Introduction: Antimicrobial peptides can be used as an antimicrobial agent against a wide range of microorganisms. Thanatin is a 21 amino acid insect-derived antimicrobial peptide (GSKKPVPIIYCNRRTGKCQRM). It was shown that E. coli, Salmonella typhimurium, Klebsiella pneumoniae, and Staphylococcus aureus were completely sensitive to this peptide while Listeria monocytegenes and Pseudomonas aeruginosa were more resistant to thanatin (Javadmanesh et al, 2018 and Tanhaeian et al, 2019).
This peptide has the potential to be used as an antibiotic substitute. Accordingly, thermo-stability of these antimicrobial agents at different temperatures for processing purposes could be considered as an advantage. In this study, we predicted the thermal-stability of thanatin in different thermal circumstances through in silico analysis.
Methods: Thermal stability
Vulnerability of thanatin against high temperatures was estimated under different time and thermal circumstances by Molecular Dynamic (MD) simulations. Three different conditions were considered according to the probable agricultural use of therapeutic peptides. Accordingly, normal dairy cattle body temperature (312 º K), normal avian body temperature (315 º K), and water boiling temperature at sea level were applied.
Dynamic simulation
In order to predict the thermal-susceptibility of thanatin, the crystallography structure (PDB entry: 8TFV) of this peptide was used. GROMACS 5.0.1 (Maupetit et al. 2010), GROMOS 54a7 (Karplus et al. 2002) force field, SPC/E water molecules (Narayanan et al. 2007), and cubic box with periodic boundary conditions were utilized for MD simulation. 100 ns and 200 ns MD simulation were performed for normal body temperatures and water boiling temperature at sea level, respectively. The root-mean-square deviation (RMSD) of thanatin α-carbons was plotted versus time during the 100 and 200 ns MD simulation.

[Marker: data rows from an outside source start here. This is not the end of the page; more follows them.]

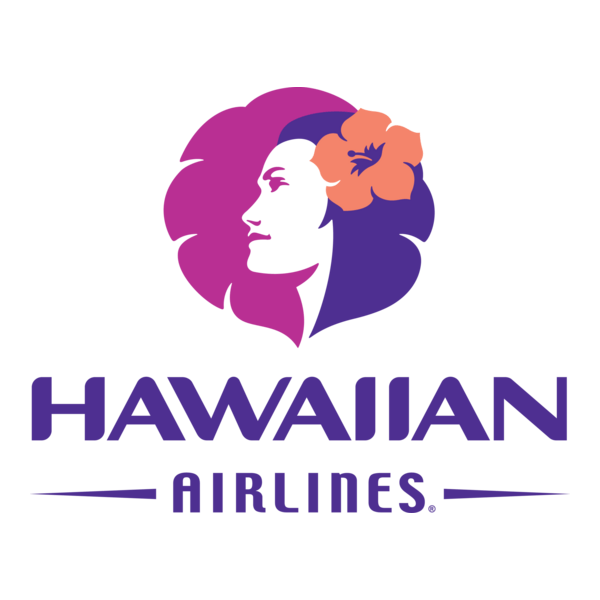 Hawaiian Airlines Logo PNG Vector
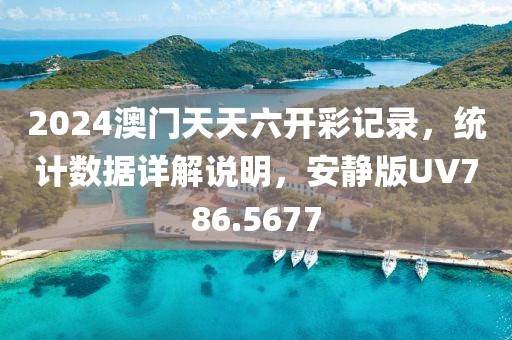 2024澳门天天六开彩记录，统计数据详解说明，安静版UV786.5677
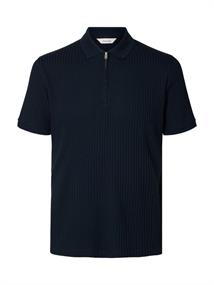 SLHFAVE STRUCTURE SS POLO NOOS sky captain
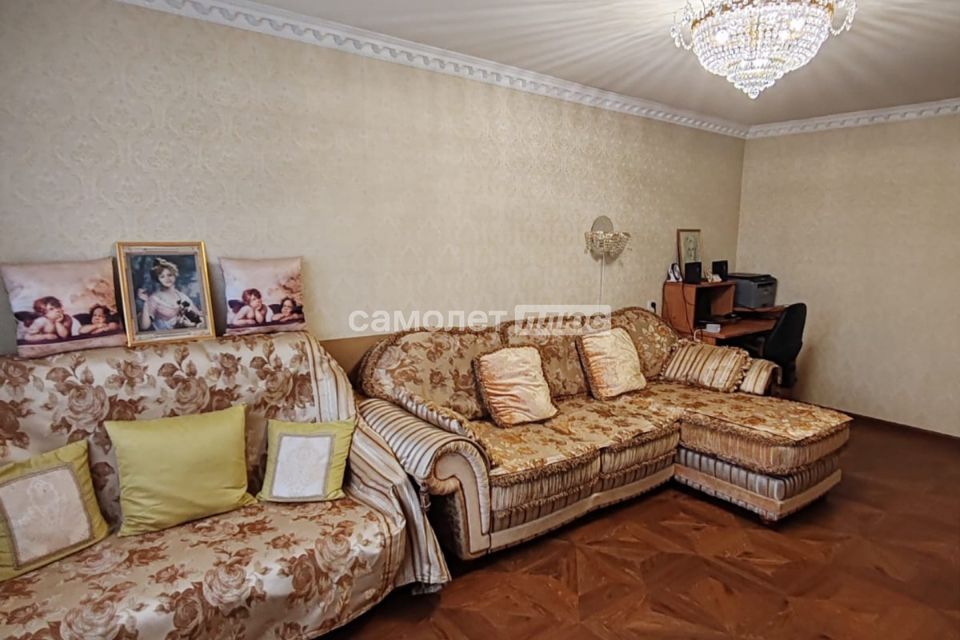 Продаётся 3-комнатная квартира, 65 м²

Results: The RMSD results for three candidate temperatures illustrated the thermo-stability of thanatin at all three conditions. Despite steady RMSD of thanatin in dairy cattle and avian normal body temperatures, the fluctuations of RMSD for thanatin in water boiling temperature depict that this peptide was not stable during the first 150 ns. After a stabilization between 100ns and 150ns which showed temporary stability, the RMSD fell considerably and the value of RMSD remained steady until the end of simulations with an approximate 0.1 nm deviation.

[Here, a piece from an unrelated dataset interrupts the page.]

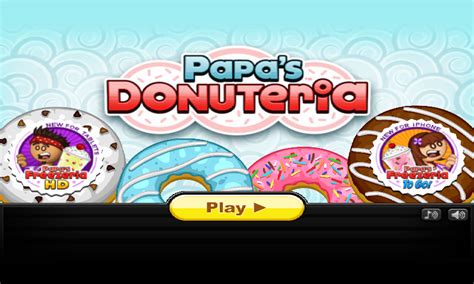 Free Papas Donuteria APK Download For Android | GetJar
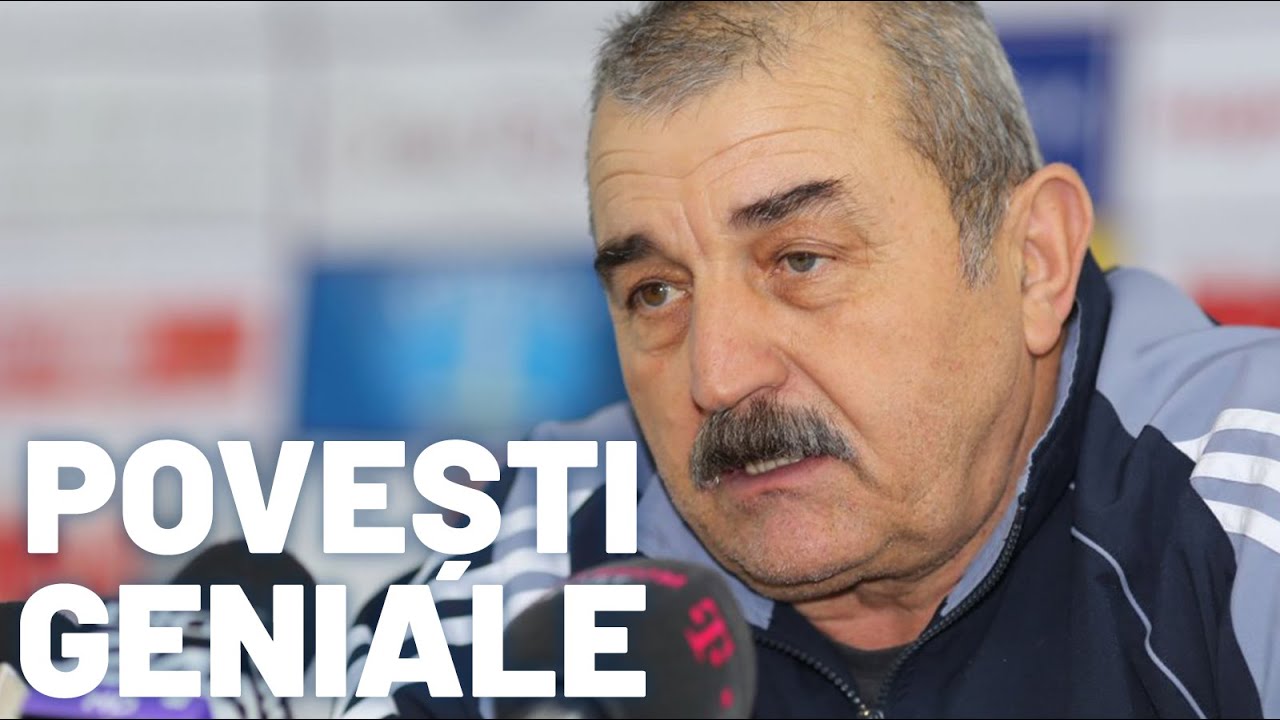 3 întâmplări tari cu Ionuț Popa: ceasul cu ghinion, „știrbul Clau-gol” și o minciună cât un transfer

The tertiary structure of thanatin changed significantly during these three MD simulations. The more we escalate temperature the more tertiary structure changed as the conformation of thanatin was denatured in water boiling temperature.
Conclusion: Thanatin is stable in high temperature and it might be possible to use it as an antibiotic substitute or bio-preservative in food processing where heat treatment is a part of processing. Further experiments are required to prove this concept.
References
Javadmanesh, A., Tanhaeian, A., Mousavi, S.Z., Azghandi, M. 2018. Investigation of recombinant thanatin effects on the growth inhibition of e. coli mastitis in dairy cows. Proceedings of the 2nd International Congress on Biomedicine. Tehran, Iran. 24-26 Dec, 2018.

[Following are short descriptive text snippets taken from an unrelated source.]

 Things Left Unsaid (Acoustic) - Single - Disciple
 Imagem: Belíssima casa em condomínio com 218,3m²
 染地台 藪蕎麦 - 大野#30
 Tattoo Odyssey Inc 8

Karplus, M., McCammon, J. A. (2002). Molecular dynamics simulations of biomolecules. Nat. Struct. Mol. Biol, 9(9), 646.
Maupetit, J., Derreumaux, P., Tufféry, P. (2010). A fast method for large‐scale De Novo peptide and miniprotein structure prediction. J. Comput. Chem, 31(4), 726-738.
Narayanan, R., & Johnston, D. (2007). Long-term potentiation in rat hippocampal neurons is accompanied by spatially widespread changes in intrinsic oscillatory dynamics and excitability. Neuron, 56(6), 1061-1075.
Tanhaeian, A., Mousavi, S.Z., Azghandi, M., Javadmanesh, A. 2019. Expression of Thanatin in HEK293 Cells and Investigation of Its Antibacterial Effects on Some Human Pathogens. Protein and Peptide Letters. 26: doi: 10.2174/0929866526666190822162140.